§ Required action:
Write out the entries below exactly, but only from the line containing "l/s tee ペールピンク" through the line containing "Rustic Lavender Flower", and without the pictures.

§ Input:

========================

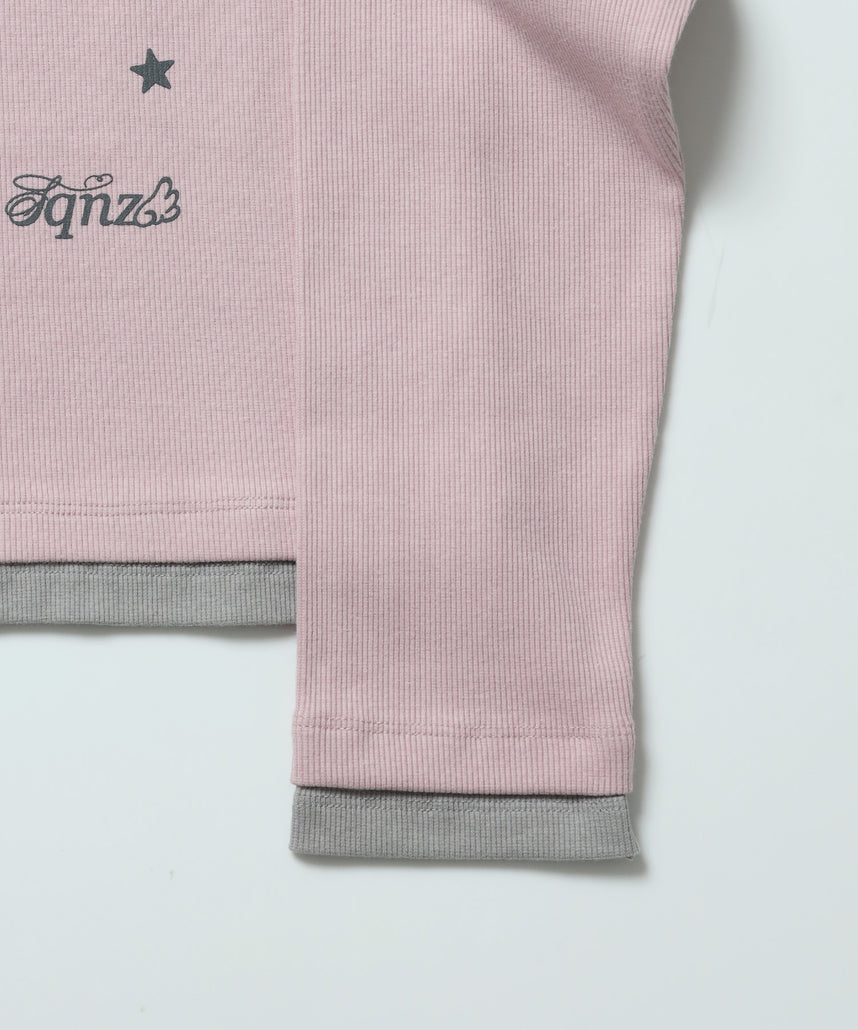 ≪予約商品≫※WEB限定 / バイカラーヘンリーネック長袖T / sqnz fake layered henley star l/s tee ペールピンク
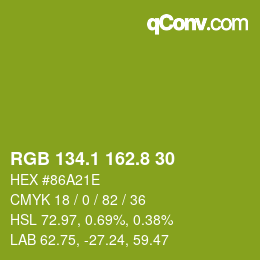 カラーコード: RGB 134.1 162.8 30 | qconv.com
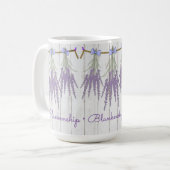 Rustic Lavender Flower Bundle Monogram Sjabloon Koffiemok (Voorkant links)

========================

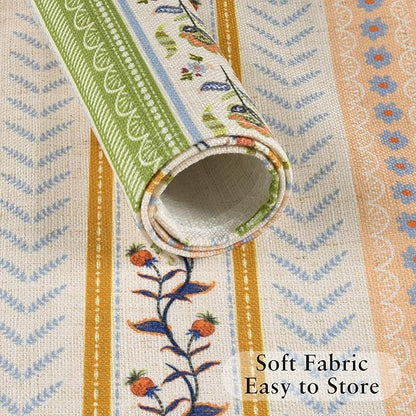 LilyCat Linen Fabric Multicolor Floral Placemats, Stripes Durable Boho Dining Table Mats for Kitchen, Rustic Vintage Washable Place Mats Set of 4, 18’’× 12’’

========================

§ Reply:
 ≪予約商品≫※WEB限定 / バイカラーヘンリーネック長袖T / sqnz fake layered henley star l/s tee ペールピンク
 カラーコード: RGB 134.1 162.8 30 | qconv.com
 Rustic Lavender Flower Bundle Monogram Sjabloon Koffiemok (Voorkant links)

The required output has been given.